Overlead Pro Tip: A/B tests are a marketer’s best friend. Play with your ad sets, measure KPIs religiously, and pivot to identify potential avenues to improve your conversion rates. Like investing, you shouldn’t keep all your eggs in one basket. Test different marketing channels, inbound or outbound, and see what works best for you.
The world of sales is for the bold, and you need to get familiar with rejection if you plan to have any success in it. Be prepared to face many “no’s” in your B2B outreach because, in reality, your service or product is not for everyone. Not even this, but perhaps your potential client might even have that problem solved with some other provider, or they’re not at a stage where they can invest in solutions like yours. Be persistent and push forward. A present no can turn into a future yes if you know how to work that lead. For example, every rejection can be viewed as a future opportunity. You might move these types of prospects into a mailing list to feed weekly plug-and-plays, case studies, or valuable resources they can use to grow. This will show your company’s goodwill and willingness to help, thus helping you close them at a future date. At the end of the day, even if you tell prospects how you do what you do, chances are they won’t do it themselves.

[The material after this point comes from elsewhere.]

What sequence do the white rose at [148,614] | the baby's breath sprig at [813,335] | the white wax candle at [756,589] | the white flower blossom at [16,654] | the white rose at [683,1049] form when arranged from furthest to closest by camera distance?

Overlead Pro Tip: Use a CRM to track your leads and set due dates for your follow-ups. As you close new clients, be aware of how long your sales cycle actually is and how long it takes for your sales team to go from call to invoice. This will allow you to create objective models to predict revenue down the road.
1. Time Management
B2B outreach, if done correctly, will eat away most of your time. Learning to delegate the minuscule tasks is a competitive advantage most sales teams don’t capitalize on. Using economies of scale, a freelance workforce, or partnering with firms like Overlead can be of great help. Each has its pros and cons, though.
Economies of scale will reduce your monthly salary costs, but managing remote teams can be difficult considering you will be playing with language barriers and different time zones. Freelancers, on the other hand, can reduce your salary costs even more, as you can pay them pro-rata fees for specific tasks. For example, you can pay US$250 a month to have a VA create lead lists on your behalf instead of paying a full salary. The downside is that freelancers tend to be mercenaries and they won’t be as available as full-time employees. This leaves you with one last choice, finding a sales partner.
Partnering with companies like Overlead can boost your lead generation efforts by a country mile. With firms like Overlead, you get access to a team of experts with battle-tested sales strategies that work. Moreover, Overlead offers a fixed price per meeting, allowing marketing teams to track their customer acquisition cost (CAC), lifetime value (LTV), and overall return on investment (ROI) much easier. The only con here is not knowing about this sooner.
Overlead Pro Tip: Time is your most valuable asset. Be wise with yours. Learn to delegate sooner rather than later. This is the path to true scalability.